January 8, 2019
Füting, who was born in 1970 and is on faculty at Manhattan School of Music, here explores many themes: timbre, quotation, memory. The title track — sinking, singing, sounding: distant song, for vocal quartet and ensemble — has a slow and multilayered ceremonialism that reminds me of Anna Thorvaldsdottir. In another work, Füting’s combination of Baroque period instruments with 21st-century techniques cleverly mirrors the opposing choirs in the Heinrich Schütz piece on which it’s based.
This music also features text by Hannah Arendt and others, in whisperings that pan in and out of earshot. Other tracks reference Debussy and the Renaissance composer Jacques Arcadelt. There’s a lot of “why” behind each piece, and the listening experience is rarely light.

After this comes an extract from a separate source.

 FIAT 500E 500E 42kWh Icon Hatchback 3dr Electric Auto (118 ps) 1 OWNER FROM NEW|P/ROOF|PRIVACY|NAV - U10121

For me, the most immediate work is mo(nu)ment for C, for the ensemble loadbang (baritone, trumpet, trombone, and bass clarinet). Terse oscillating motifs create a vibrant ostinato for fragments, in English, German, and French, that reference the rallying cry for freedom of the press after the 2015 Charlie Hebdo attack. But there’s no Charlie here — only endless, playfully self-conscious iterations of “I am.”

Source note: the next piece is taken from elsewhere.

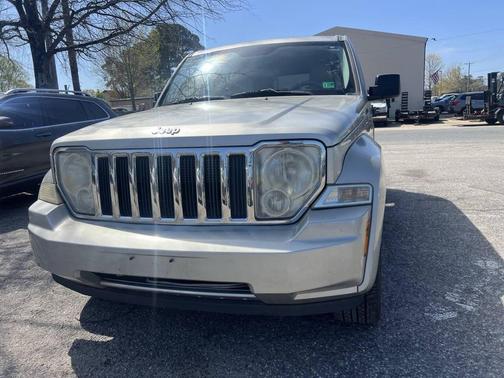 Beige 2009 Jeep Liberty Limited Edition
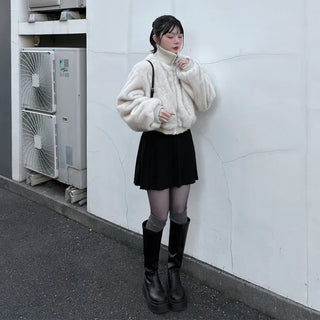 Knitted pleated skirt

At the ends of several pieces, source material — or something like it — finally reveals itself. Are these Baroque-sounding polyphonies a culmination, a return? Füting’s work doesn’t suggest a single reading.
Take the crooning, capricious eternal return (Passacaglia). The unexpected duo of soprano (Corrine Byrne) and trumpet (Andrew Kozar) play in taunting heterophony, one voice just slightly behind the other. The text, from Nietzsche’s Thus Spoke Zarathustra, can read as demoralizing: All human actions are destined only to repeat, ad infinitum. But the music is cheerful in its resignation.